This tutorial shows you how to create a custom training job using PyTorch and a dataset stored on Cloud Storage.

Learn more about [PyTorch integration in Vertex AI](https://cloud.google.com/vertex-ai/docs/start/pytorch).

### Objective

In this tutorial, you learn how to create a training job using PyTorch and a dataset stored on Cloud Storage. You build a custom training script that uses GCSFuse to load data from a bucket. The custom training script creates a simple neural network and saves the model artifact to a bucket on Cloud Storage.
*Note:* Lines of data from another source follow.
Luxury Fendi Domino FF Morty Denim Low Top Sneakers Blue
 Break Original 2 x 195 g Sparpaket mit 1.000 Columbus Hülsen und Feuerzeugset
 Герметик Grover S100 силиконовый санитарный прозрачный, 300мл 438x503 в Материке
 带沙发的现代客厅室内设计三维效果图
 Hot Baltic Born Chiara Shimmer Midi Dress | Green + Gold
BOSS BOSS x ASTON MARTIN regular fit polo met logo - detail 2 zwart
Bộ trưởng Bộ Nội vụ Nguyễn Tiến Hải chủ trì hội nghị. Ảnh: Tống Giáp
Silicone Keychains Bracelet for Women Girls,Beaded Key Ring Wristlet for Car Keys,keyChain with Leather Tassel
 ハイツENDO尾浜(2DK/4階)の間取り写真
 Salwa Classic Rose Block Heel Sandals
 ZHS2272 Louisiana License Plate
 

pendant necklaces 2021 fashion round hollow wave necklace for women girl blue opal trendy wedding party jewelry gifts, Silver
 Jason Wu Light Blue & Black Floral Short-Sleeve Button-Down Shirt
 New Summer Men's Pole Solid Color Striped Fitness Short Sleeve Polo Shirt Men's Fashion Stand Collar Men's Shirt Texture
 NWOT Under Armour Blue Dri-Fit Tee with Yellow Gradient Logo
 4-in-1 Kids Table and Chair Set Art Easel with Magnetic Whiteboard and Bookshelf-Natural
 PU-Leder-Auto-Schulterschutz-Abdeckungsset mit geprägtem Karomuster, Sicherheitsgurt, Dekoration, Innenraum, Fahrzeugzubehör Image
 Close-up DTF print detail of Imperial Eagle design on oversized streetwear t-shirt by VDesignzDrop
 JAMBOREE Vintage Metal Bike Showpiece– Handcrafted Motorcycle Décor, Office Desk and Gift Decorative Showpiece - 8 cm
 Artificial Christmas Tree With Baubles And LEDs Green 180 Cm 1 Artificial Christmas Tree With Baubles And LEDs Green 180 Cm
This tutorial uses the following Google Cloud ML services and resources:

- Vertex AI Training
- Cloud Storage

The steps performed include:

- Write a custom training script that creates your train & test datasets and trains the model.
- Run a Vertex AI SDK `CustomTrainingJob`

### Dataset

This tutorial uses the [MNIST handwriting sample](https://en.wikipedia.org/wiki/MNIST_database) that classifies hand-written digits. For this tutorial, a CSV version of the dataset available on [Kaggle](https://www.kaggle.com/datasets/oddrationale/mnist-in-csv?select=mnist_train.csv) has been uploaded to a Cloud Storage bucket for your use.

### Costs 

This tutorial uses billable components of Google Cloud:

* Vertex AI
* Cloud Storage

Learn about [Vertex AI pricing](https://cloud.google.com/vertex-ai/pricing),
and [Cloud Storage pricing](https://cloud.google.com/storage/pricing), 
and use the [Pricing Calculator](https://cloud.google.com/products/calculator/)
to generate a cost estimate based on your projected usage.

## Requirements

This tutorial requires using a notebook that is optimized for use with PyTorch. If you run this notebook in Vertex AI Workbench, ensure that you notebook image meets the following requirements:

+ PyTorch 1.13 notebook
+ 1 NVIDIA T4 GPU

Colab notebooks meet the requirements (after installation and authentication). You might need to switch to a GPU-enabled runtime.

## Installation

Install the following packages required to execute this notebook. 

In [None]:
%%writefile requirements.txt

google-cloud-aiplatform
google-cloud-storage
torch==1.12

In [None]:
%pip install -q -r requirements.txt

### Colab only: Uncomment the following cell to restart the kernel

In [None]:
# Automatically restart kernel after installs so that your environment can access the new packages
# import IPython

# app = IPython.Application.instance()
# app.kernel.do_shutdown(True)

## Before you begin

### Set up your Google Cloud project

**The following steps are required, regardless of your notebook environment.**

1. [Select or create a Google Cloud project](https://console.cloud.google.com/cloud-resource-manager). When you first create an account, you get a $300 free credit towards your compute/storage costs.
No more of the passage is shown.